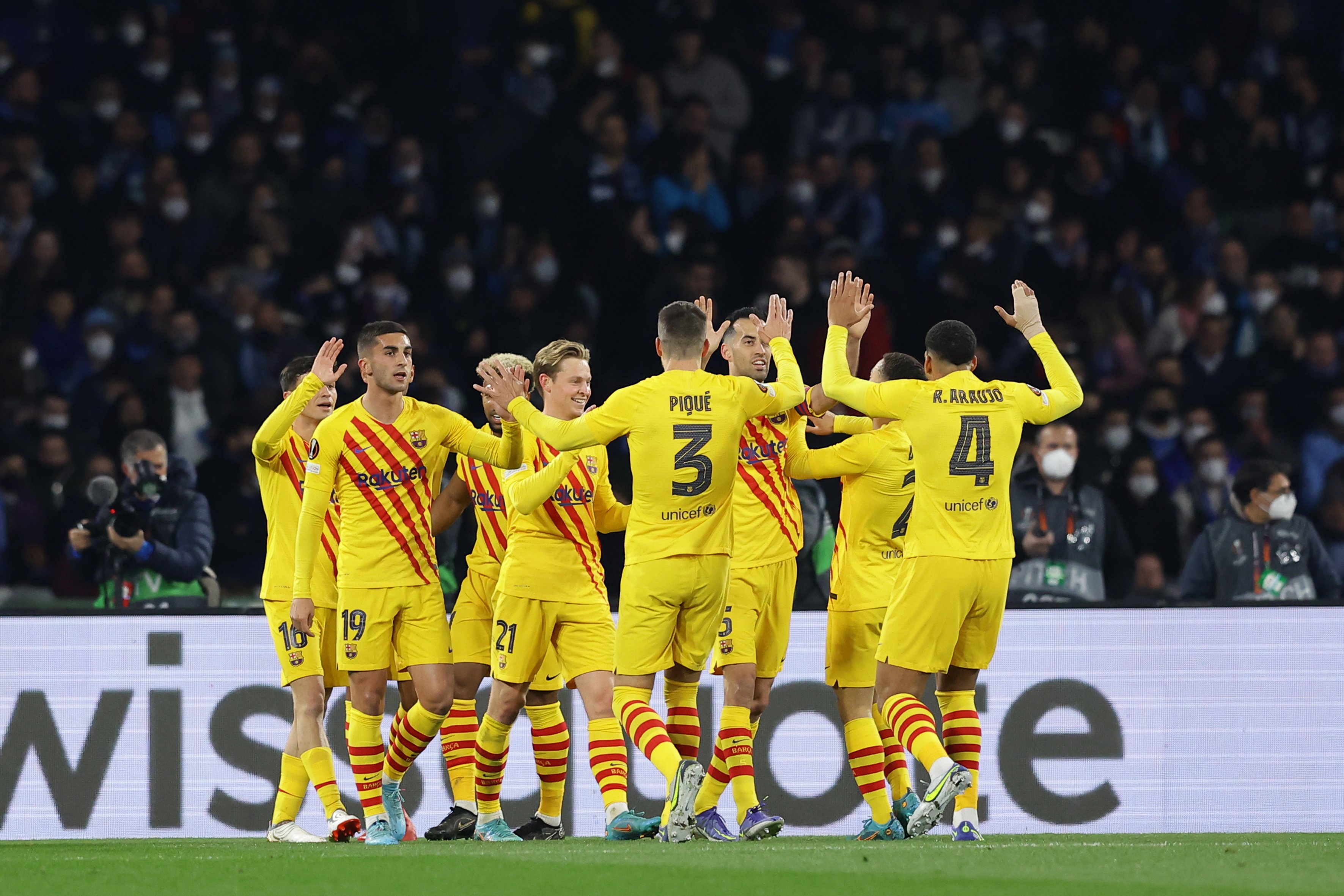 Un Barça intratable manda en Nápoles y jugará los octavos de la Europa League (2-4)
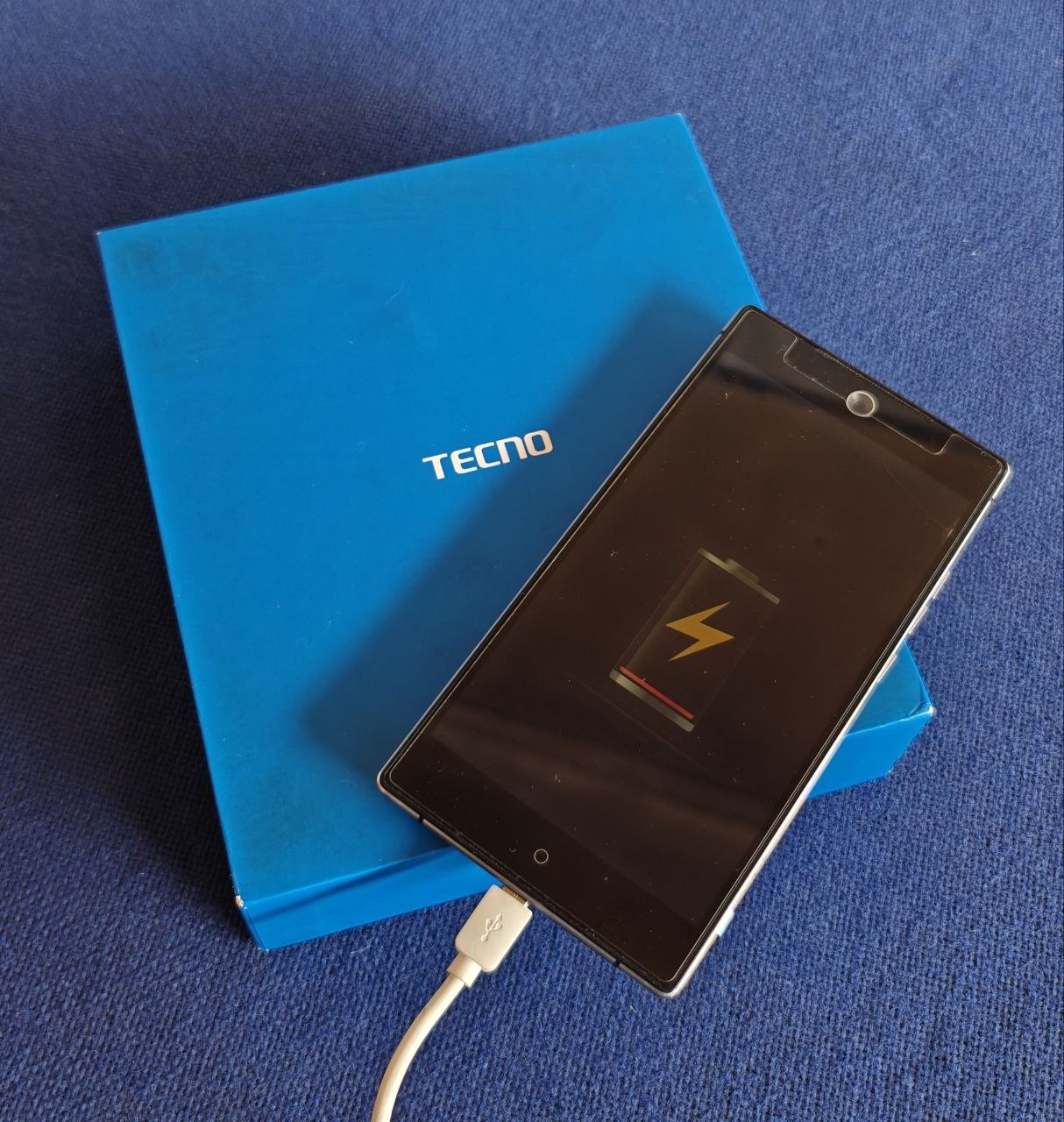 Tecno Camon C9 Smartphone - Black with Box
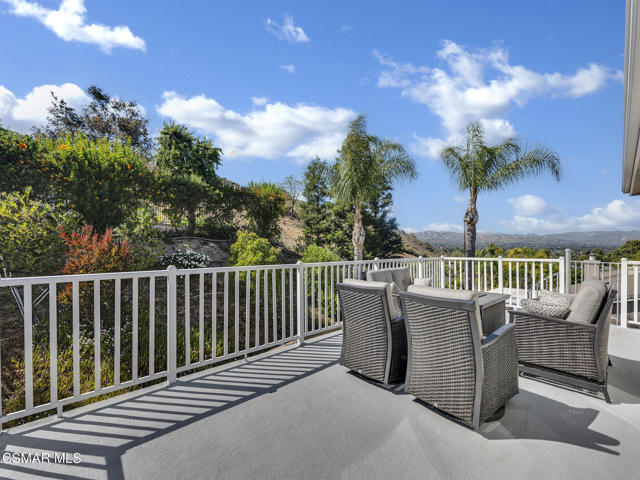 659 N Muirfield Avenue, Simi Valley CA: https://media.crmls.org/mediaz/94665021-563d-467e-acd3-bde05ad38120.jpg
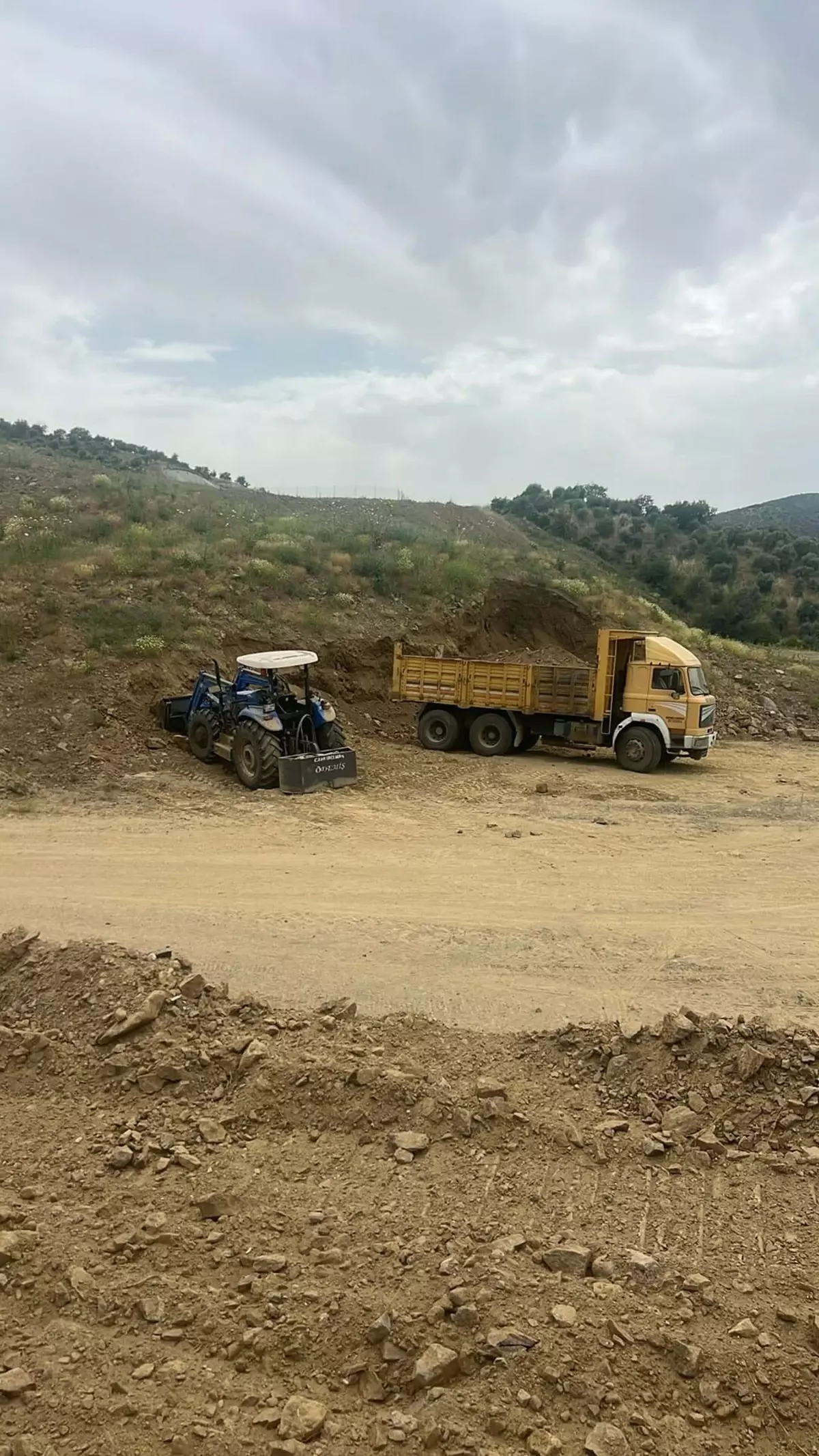 Toprak Kayması Kepçe Operatörünü Öldürdü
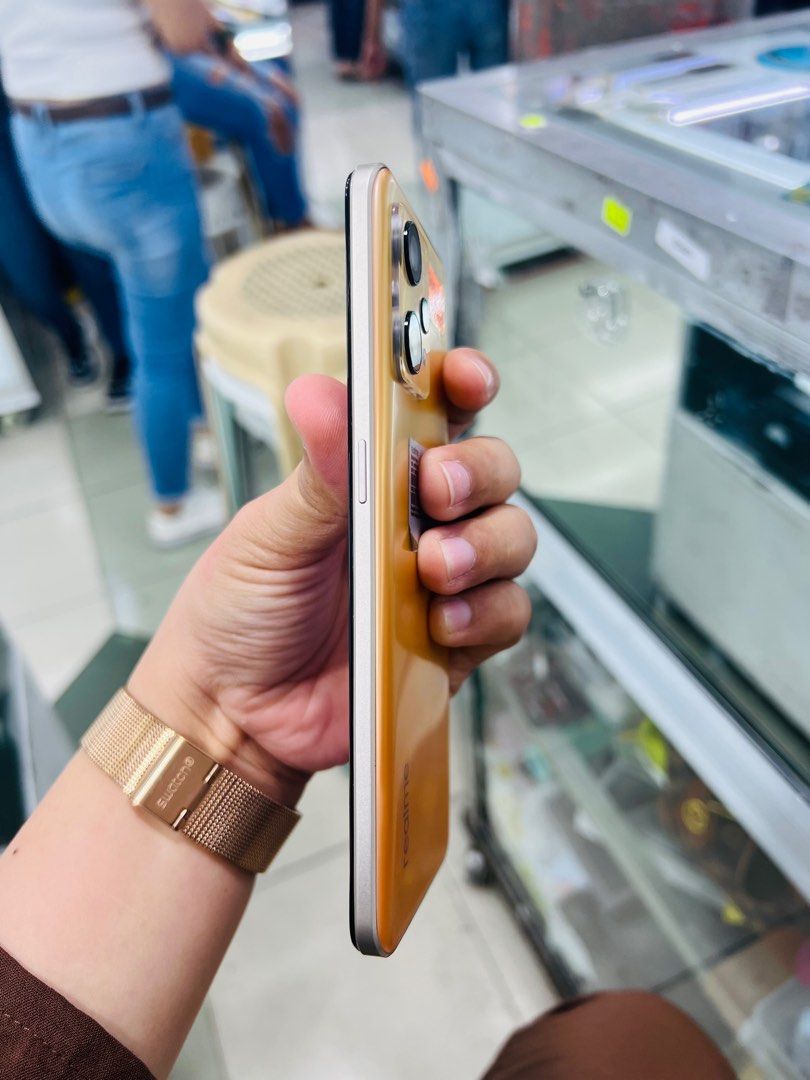 Realme 9 128gb Dualsim NTC (Category: Realme) located in San Juan City. Submitted by javedsgadgetshop (Listing ID 1297065140, Image 3). Description: OPEN FOR INSTALLMENT VIA CREDIT CARD/GGIVES & SWAP/TRADE-IN! WE BUY AND SELL ( ANYKINDS OF UNIT BINIBILI PO NAMIN)! PTPA : Padelete po f bawal Read ❗️Onhand ‼️ Realme 9 •128gb •NTC Variant •Good batt health •Factory Unlock •95% Smoothness •No hidden issue | No Repaired •100% Authentic | Not Refurbish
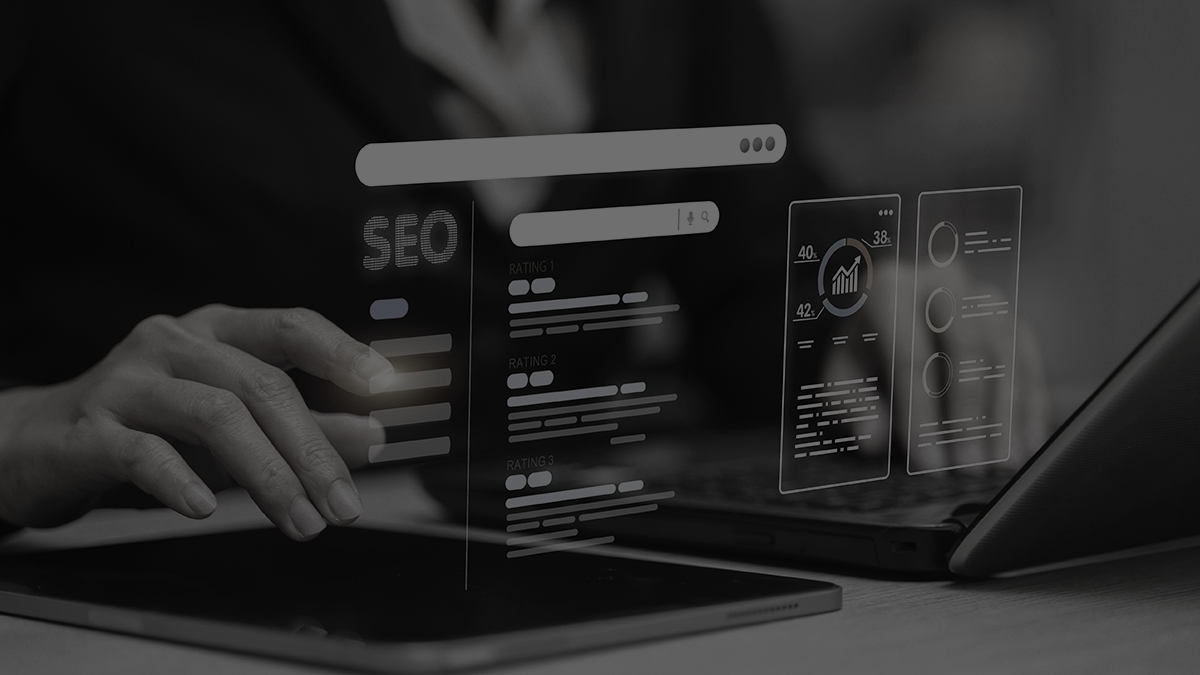 pessoa pesquisando estratégias de SEO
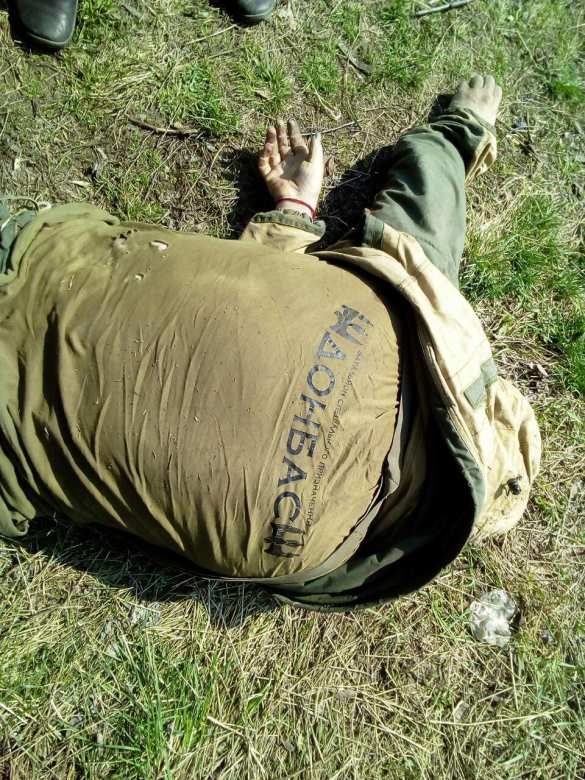 3 дня полз и умер: диверсанты ВСУ бросили раненого командира, украв у него автомат (ФОТО 18+) | Русская весна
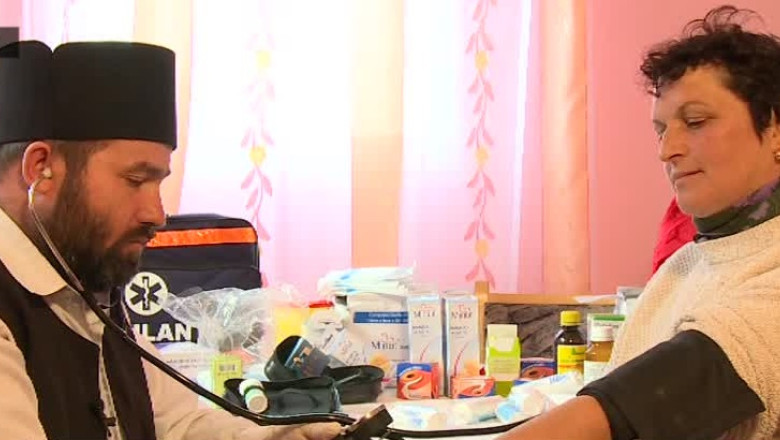 Preot la sat, asistent medical in caz de urgente Imagine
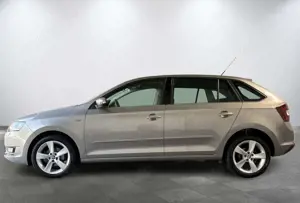 Skoda Rapid/Spaceback Clever AHK Tempomat Apple CarPlay PDC Sitzh. Klima Bild 3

WORK ITEM =>
Pictures stay out; everything else in the listing above gets restated word for word.

SOLUTION =>
 Un Barça intratable manda en Nápoles y jugará los octavos de la Europa League (2-4)
 Tecno Camon C9 Smartphone - Black with Box
 659 N Muirfield Avenue, Simi Valley CA: https://media.crmls.org/mediaz/94665021-563d-467e-acd3-bde05ad38120.jpg
 Toprak Kayması Kepçe Operatörünü Öldürdü
 Realme 9 128gb Dualsim NTC (Category: Realme) located in San Juan City. Submitted by javedsgadgetshop (Listing ID 1297065140, Image 3). Description: OPEN FOR INSTALLMENT VIA CREDIT CARD/GGIVES & SWAP/TRADE-IN! WE BUY AND SELL ( ANYKINDS OF UNIT BINIBILI PO NAMIN)! PTPA : Padelete po f bawal Read ❗️Onhand ‼️ Realme 9 •128gb •NTC Variant •Good batt health •Factory Unlock •95% Smoothness •No hidden issue | No Repaired •100% Authentic | Not Refurbish
 pessoa pesquisando estratégias de SEO
 3 дня полз и умер: диверсанты ВСУ бросили раненого командира, украв у него автомат (ФОТО 18+) | Русская весна
 Preot la sat, asistent medical in caz de urgente Imagine
 Skoda Rapid/Spaceback Clever AHK Tempomat Apple CarPlay PDC Sitzh. Klima Bild 3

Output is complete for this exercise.